> _INPUT DATA_:
======
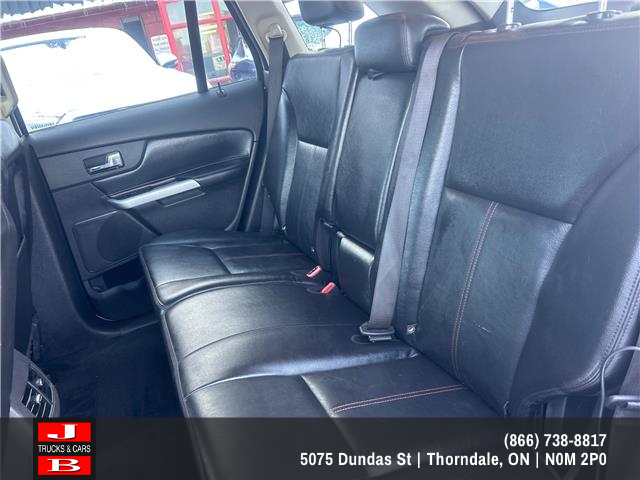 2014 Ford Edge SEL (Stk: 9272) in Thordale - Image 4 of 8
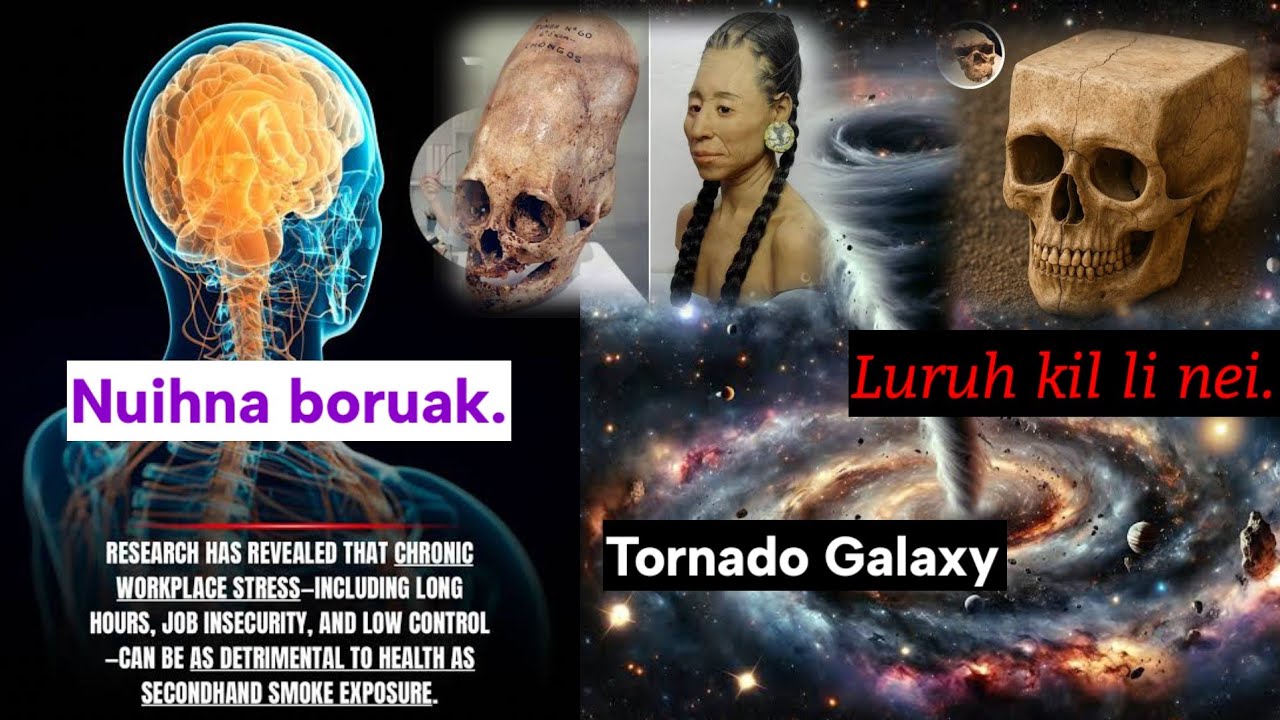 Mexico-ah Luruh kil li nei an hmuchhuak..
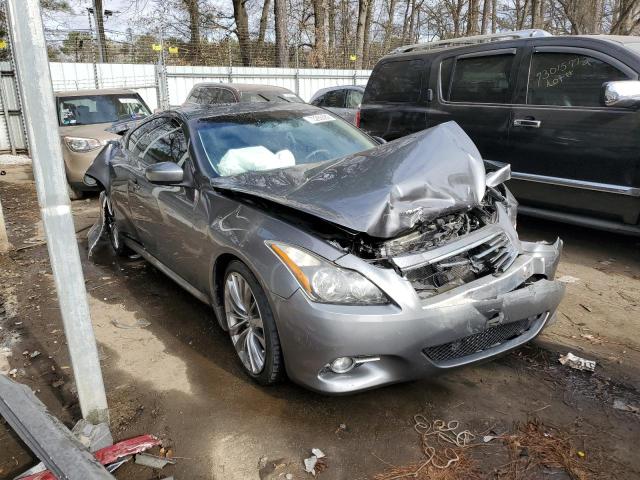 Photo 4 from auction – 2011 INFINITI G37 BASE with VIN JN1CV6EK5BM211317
======
> _EXERCISE GOAL_: When you copy the listing above, reproduce every line exactly and skip the images.

> _ANSWER TO THE PROBLEM_:
 2014 Ford Edge SEL (Stk: 9272) in Thordale - Image 4 of 8
 Mexico-ah Luruh kil li nei an hmuchhuak..
 Photo 4 from auction – 2011 INFINITI G37 BASE with VIN JN1CV6EK5BM211317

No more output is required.